Malicious Solidity VSCode Extension on Open VSX Targets Developers
Security researchers have recently identified a remote access trojan named SleepyDuck, disguised as a popular Solidity extension in the Open VSX open-source registry. This malicious software can establish a communication channel with attackers using an Ethereum smart contract.
Overview of Open VSX
Open VSX serves as a community-driven repository for Visual Studio Code (VS Code) extensions. These extensions are widely used in various integrated development environments (IDEs), such as Cursor and Windsurf.
Details of the Malicious Extension
The harmful extension is listed as ‘juan-bianco.solidity-vlang’ and has been downloaded over 53,000 times. Though Open VSX has issued a warning about it, the extension remains available on the platform. At the time of its initial submission on October 31, it posed no threat. However, an update the following day introduced malicious capabilities, already garnering around 14,000 downloads by then.
Malware Communication Mechanism
- The trojan utilizes an Ethereum smart contract to update its command-and-control (C2) server address.
- Even if the default C2 server is disabled, the malware remains functional due to the contract’s presence on the Ethereum blockchain.
Operational Characteristics of SleepyDuck
Since its release with version 0.0.7 until version 0.1.3 on November 2, the extension accumulated a total of 53,439 downloads.
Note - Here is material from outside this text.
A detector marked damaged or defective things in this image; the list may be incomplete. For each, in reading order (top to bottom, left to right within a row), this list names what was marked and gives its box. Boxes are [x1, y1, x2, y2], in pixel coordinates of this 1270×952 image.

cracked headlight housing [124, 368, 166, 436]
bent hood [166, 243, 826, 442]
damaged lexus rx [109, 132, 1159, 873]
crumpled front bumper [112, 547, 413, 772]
It has received one 5-star rating, which is attributed to its creator. The malicious code triggers under various circumstances, including editor startup, when a Solidity file is accessed, or during the execution of the Solidity compile command.
Malicious Behavior upon Activation
Upon activation, SleepyDuck performs the following actions:
- Creates a lock file to ensure it runs once per host.
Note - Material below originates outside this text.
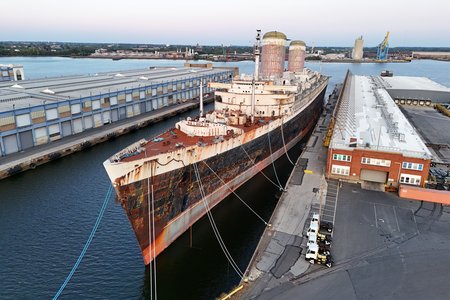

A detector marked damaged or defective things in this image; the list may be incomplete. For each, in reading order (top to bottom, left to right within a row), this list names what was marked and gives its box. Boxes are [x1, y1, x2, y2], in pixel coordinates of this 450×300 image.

rusty ship [105, 31, 330, 264]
- Calls a deceptive ‘webpack.init()’ function to obscure its true nature.
- Loads a malicious payload instead of a legitimate function.
Data Collection and Command Execution
Once initialized, the malware collects system data, such as hostname, username, MAC address, and timezone. It establishes a command execution environment that seeks the fastest Ethereum RPC provider for retrieving updated C2 information. The malware operates in a continuous polling loop to maintain communication and receive commands.
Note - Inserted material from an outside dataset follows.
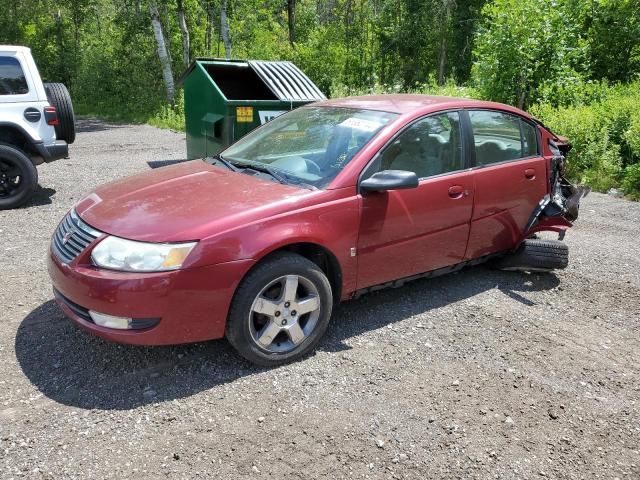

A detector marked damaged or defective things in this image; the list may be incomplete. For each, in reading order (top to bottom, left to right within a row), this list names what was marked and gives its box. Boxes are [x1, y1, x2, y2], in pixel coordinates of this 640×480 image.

Security Measures by Open VSX
The rise in malicious activity targeting Open VSX has led to new security initiatives. The platform recently announced enhancements designed to protect its users, which include:
- Reducing token lifetimes.
- Quickly revoking compromised credentials.
- Implementing automated scans for threats.
- Collaborating with VS Code to share information about emerging security risks.
Best Practices for Developers
Developers are urged to be cautious when downloading VS Code extensions. It is essential to trust only reputable publishers and their official repositories to mitigate all risks associated with malicious software.
Given the increasing sophistication of threats such as SleepyDuck, vigilance is necessary in today’s digital landscape.